On the heels of the protest, reporters and entertainment bloggers called the studio to ask about the film's fate. In what was once an insular club of power brokers and back-stabbers, the voices of outsiders have begun to penetrate.
New Line declined to comment on The Hobbit, but said in a statement to The New York Times that the situation was complicated by the lawsuit of Jackson's company, Wingnut Films, against the studio over revenues from The Lord of the Rings, which New Line produced.
"We are in litigation with Wingnut Films, and have been unsuccessful despite a formal mediation, as well as discussions with Wingnut directly to settle the matter; therefore, we cannot comment at this point," the studio said this week.
But anxiety continued to reverberate in cyberspace. Ian McKellen, who played Gandalf in the Rings series, wrote on his Web site, mckellen.com: "I'm very sad as I should have relished revisiting middle Earth with Peter again as team-leader. It's hard to imagine any other director matching his achievement in Tolkien country."
And Saul Zaentz, the veteran producer who holds the underlying rights, was quoted on yet another Web site, this one in German, saying Jackson would indeed direct The Hobbit, which still has no script, no budget, no cast and no production date.
In an interview from Italy, Zaentz said he was misquoted, but that Jackson should be the one to direct The Hobbit. "We would like to see it done, of course with Peter Jackson," he said. "He's a good film director. He's the right guy. He knows it, too. But it's a hard thing to do when you feel you didn't get the money you were supposed to get."
The contretemps over The Hobbit, those involved say, is really about the lawsuit over revenues from the Lord of the Rings series, which has taken in a staggering $2.9 billion in box-office receipts alone.
In February 2005, Jackson sued New Line, saying he was owed money from the trilogy. Jackson has said he sued over profits from The Lord of the Rings: The Fellowship of the Ring, after he was unable to get New Line to submit to an independent audit of its books. The lawsuit, which was unsuccessfully mediated, still has no court date, and so far no audit has taken place. New Line executives have complained that Jackson has become vastly wealthy from the Tolkien trilogy and is unjustifiably portraying himself as a victim.
In his letter, Jackson said New Line was holding the new movie hostage to his lawsuit, saying that Michael Lynne, the New Line co-president, told Jackson's manager, Ken Kamins, "that the way to settle the lawsuit was to get a commitment from us to make the Hobbit because `that's how these things are done.'"
Jackson added: "Michael Lynne said we would stand to make much more money if we tied the lawsuit and the movie deal together and this may well be true, but it's still the worst reason in the world to agree to make a film."

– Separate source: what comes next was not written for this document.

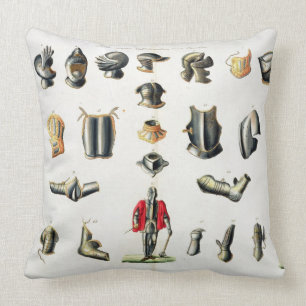 Separate Pieces of a Knight's Armour, plate 15 fro Throw Pillow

Neither Jackson nor the studio would comment publicly on the lawsuit.
The final straw in continuing tensions between the two sides came last month, when Jackson declined to contribute a video salute to New Line for the celebration of the 40th anniversary of its founding, planned for next year, according to two people familiar with the matter. Days later, a New Line executive called Kamins to say that the studio would be seeking another director for The Hobbit.
So while New Line accused Jackson of trying to negotiate the lawsuit through the Internet, Jackson's camp accused the studio of brinksmanship in a fit of pique.
It was left to another studio entirely, MGM, which owns the distribution rights to The Hobbit, to step in and calm the raging waters - and the Web sites.
"We expect to partner with New Line in financing The Hobbit," a spokesman for MGM said. "We support Peter Jackson as a filmmaker and believe that when the dust settles, he'll be making the movie. We can't imagine any other result."